** Provided material follows **

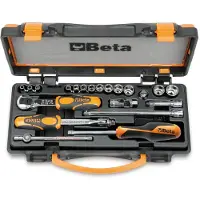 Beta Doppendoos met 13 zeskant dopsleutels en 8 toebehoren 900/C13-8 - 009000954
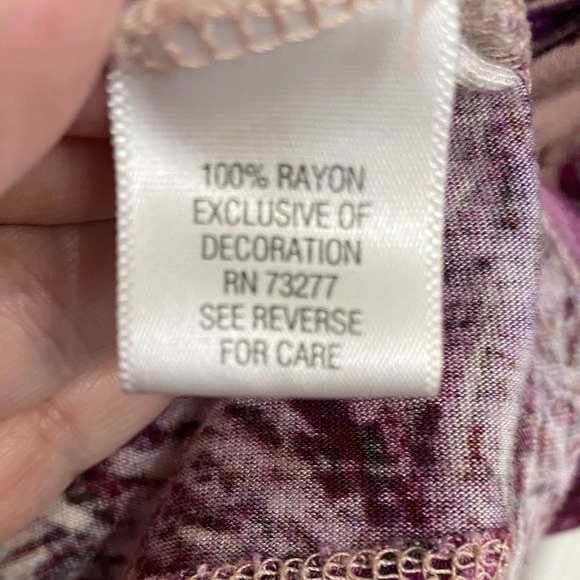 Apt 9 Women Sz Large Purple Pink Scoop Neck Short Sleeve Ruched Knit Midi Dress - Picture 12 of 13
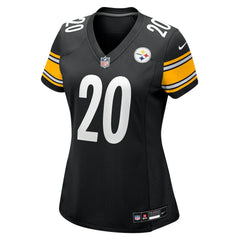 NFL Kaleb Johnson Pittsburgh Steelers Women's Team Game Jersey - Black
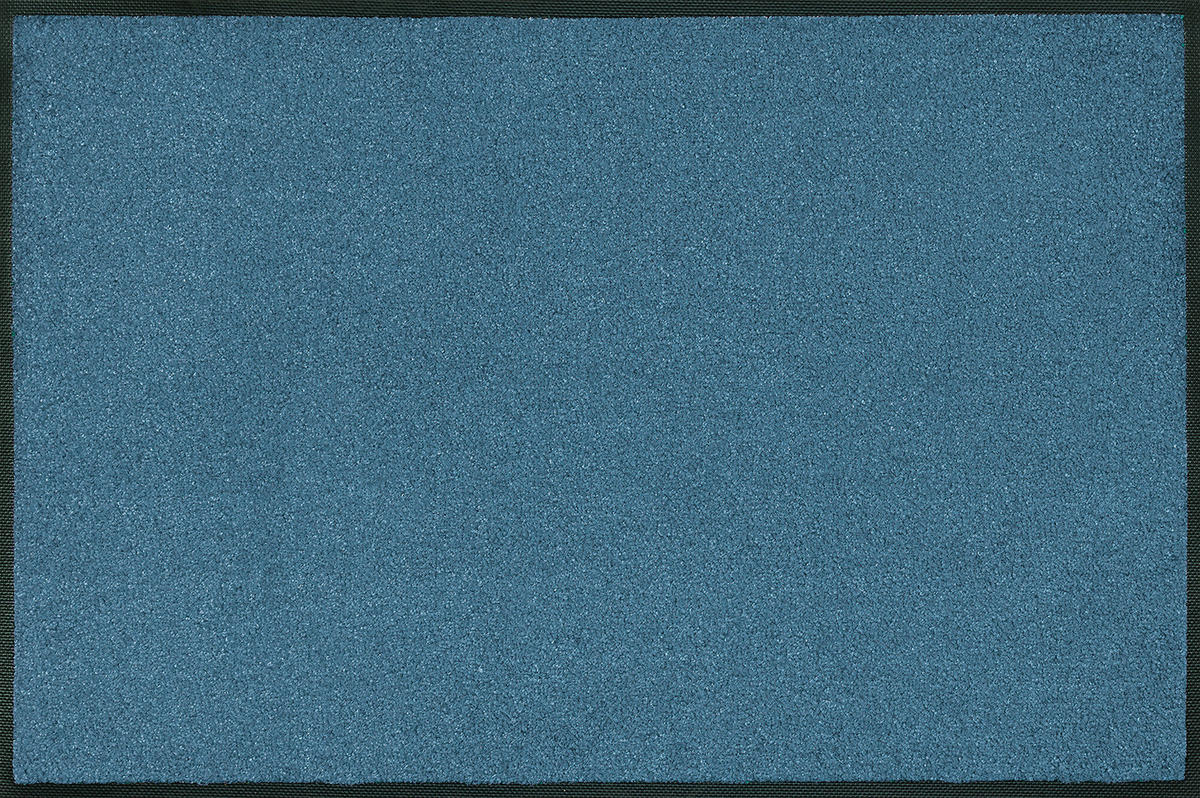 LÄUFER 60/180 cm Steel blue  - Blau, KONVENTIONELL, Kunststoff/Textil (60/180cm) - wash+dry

** End of Provided material **
** Provided material follows **

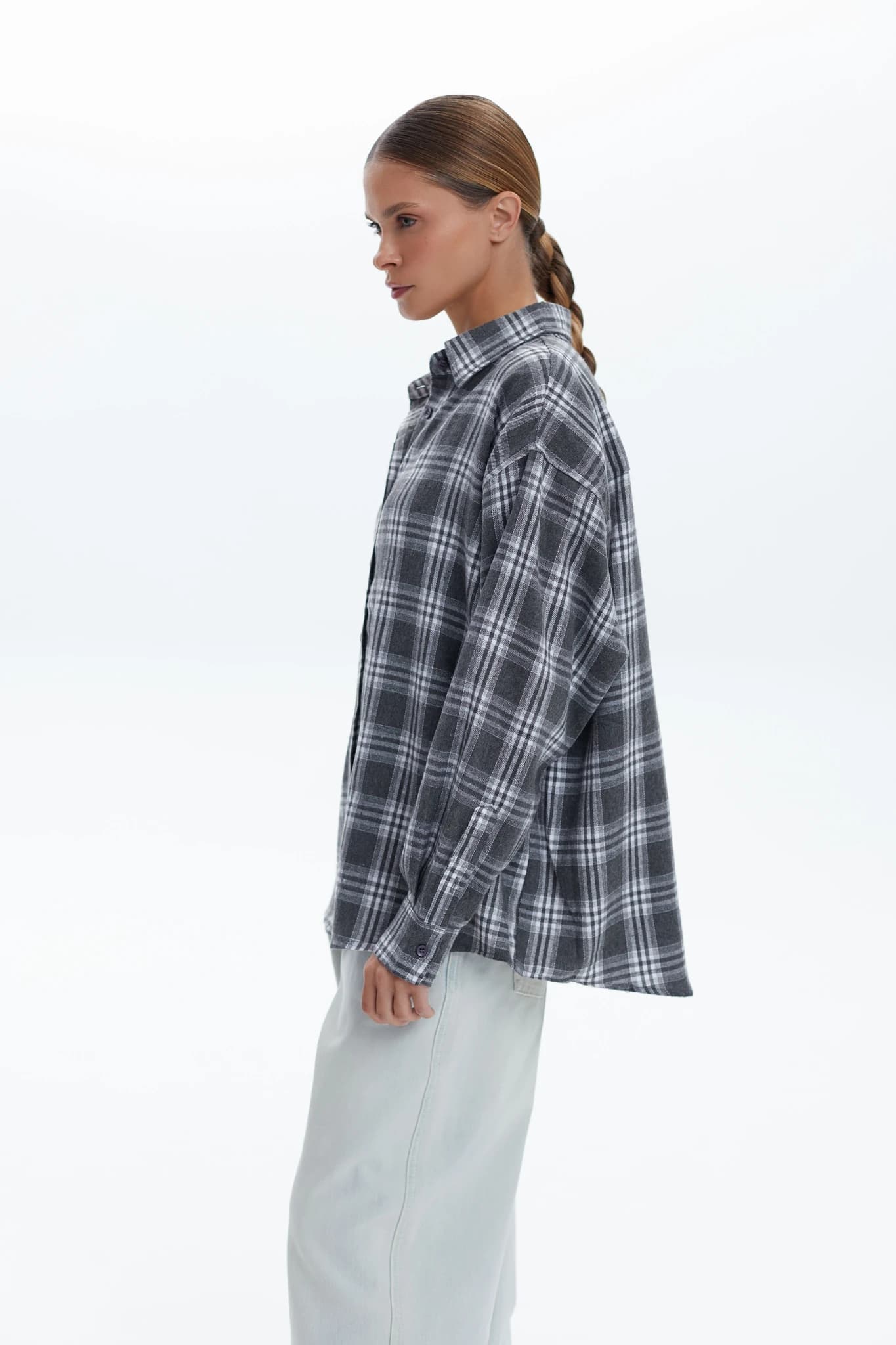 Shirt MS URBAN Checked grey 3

** End of Provided material **

Assigned task — Output should consist of the lines above from the one with "Beta Doppendoos met" down to the one with "LÄUFER 60/180 cm", exact and without pictures.

Solved problem —
 Beta Doppendoos met 13 zeskant dopsleutels en 8 toebehoren 900/C13-8 - 009000954
 Apt 9 Women Sz Large Purple Pink Scoop Neck Short Sleeve Ruched Knit Midi Dress - Picture 12 of 13
 NFL Kaleb Johnson Pittsburgh Steelers Women's Team Game Jersey - Black
 LÄUFER 60/180 cm Steel blue  - Blau, KONVENTIONELL, Kunststoff/Textil (60/180cm) - wash+dry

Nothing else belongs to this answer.